Recorded data: Begin
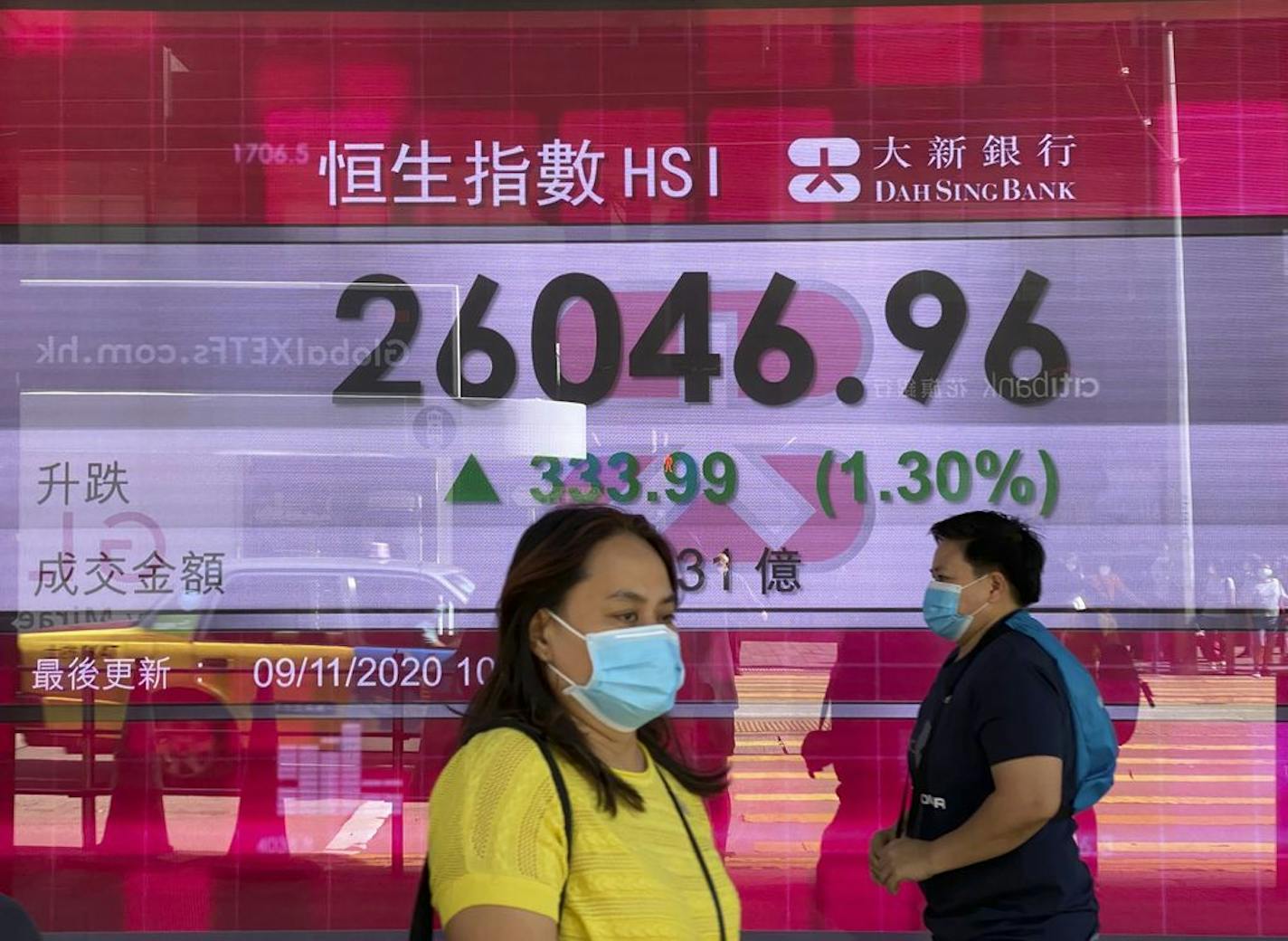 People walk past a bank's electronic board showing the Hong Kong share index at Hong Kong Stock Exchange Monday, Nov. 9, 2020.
Recorded data: End
Recorded data: Begin
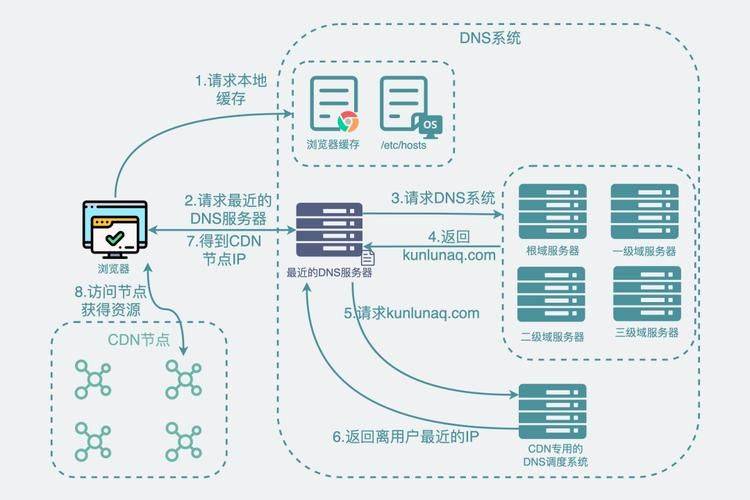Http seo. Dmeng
Recorded data: End
Recorded data: Begin
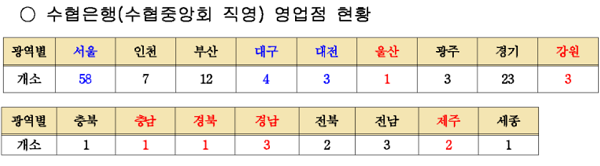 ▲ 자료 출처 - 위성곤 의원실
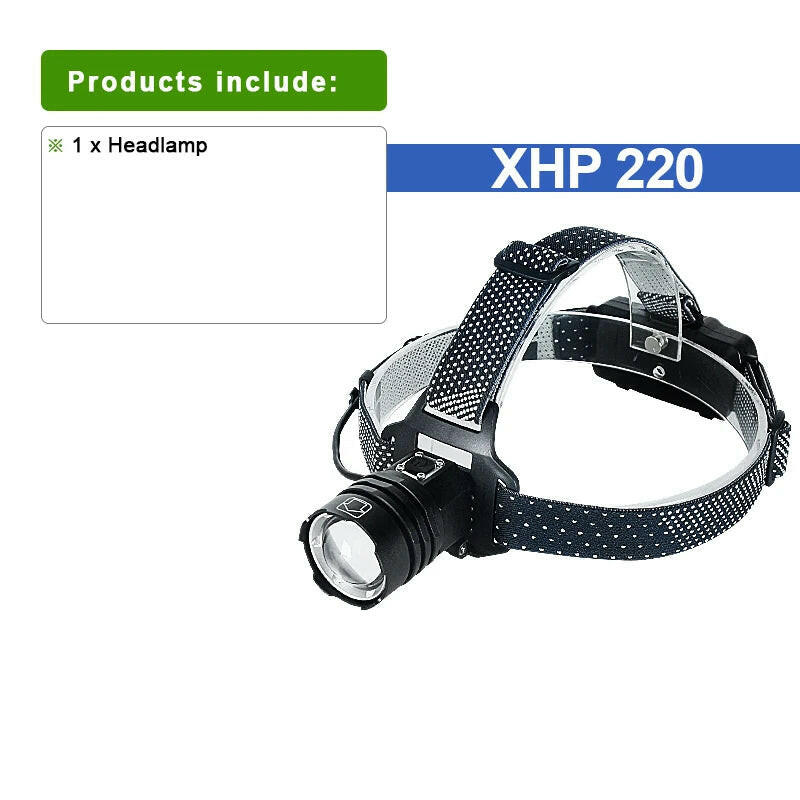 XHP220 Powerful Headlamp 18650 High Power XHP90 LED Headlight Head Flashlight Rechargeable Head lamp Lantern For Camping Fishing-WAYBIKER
Recorded data: End
- **Task prompt**: Each line between the one holding "출처 - 위성곤 의원실" and the one holding "XHP220 Powerful Headlamp", inclusive, should be copied exactly as it appears above, and pictures should be omitted.

- **Worked solution**:
 ▲ 자료 출처 - 위성곤 의원실
 XHP220 Powerful Headlamp 18650 High Power XHP90 LED Headlight Head Flashlight Rechargeable Head lamp Lantern For Camping Fishing-WAYBIKER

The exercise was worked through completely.